The Commerce Dept. said on Friday that personal income growth did a nosedive in January, dropping nearly four percent to register the largest one-month drop in 20 years.
Consumer spending showed modest gains and the less-than-one-percent increase over December was on par with what economists expected.
Gains in household purchases, which account for 70 percent of economic activity, can be tied to more spending on services like utilities as higher heating bills came with a cold streak and winter storms across the country.
The drop in personal income growth was offset by two special factors over the past two months and most of the ground gained in December, according to officials, reflected a rush by companies to pay out incentives and dividends before the payroll-tax increase went into effect at the beginning of the year.
Spending on goods such as cars and clothing also fell while people put less money in the bank in an effort to make up for a hit in take-home pay.
In January, employee contributions for government social insurance also increased, making the numbers misleading. Excluding these special factors, declines in personal income would have remained unchanged.
Economists are not surprised that consumer spending would remain flat in the first quarter of 2013 and many expect to see it recover by the middle of the year.

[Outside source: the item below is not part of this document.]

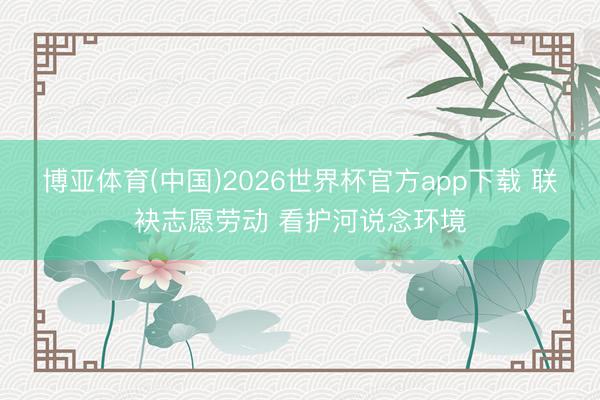 博亚体育(中国)2026世界杯官方app下载 联袂志愿劳动 看护河说念环境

Rising gasoline prices and the need to rebuild nest eggs will continue to test the patience of consumers and if families are feeling not wealthier, they will likely not loosen purse strings.
Financial analysts say consumer spending will remain strong as long as more jobs become available, people buy houses and new cars.
The rate at which households are saving money also fell to the lowest level since Nov. 2007 and will continue to do so as long as income drops and spending rises.
If jobs gains pick up further and Wall St. cooperates, families may feel more optimistic about finances and lead to a rising tide of consumer sentiment that could lift the boats of many retailers.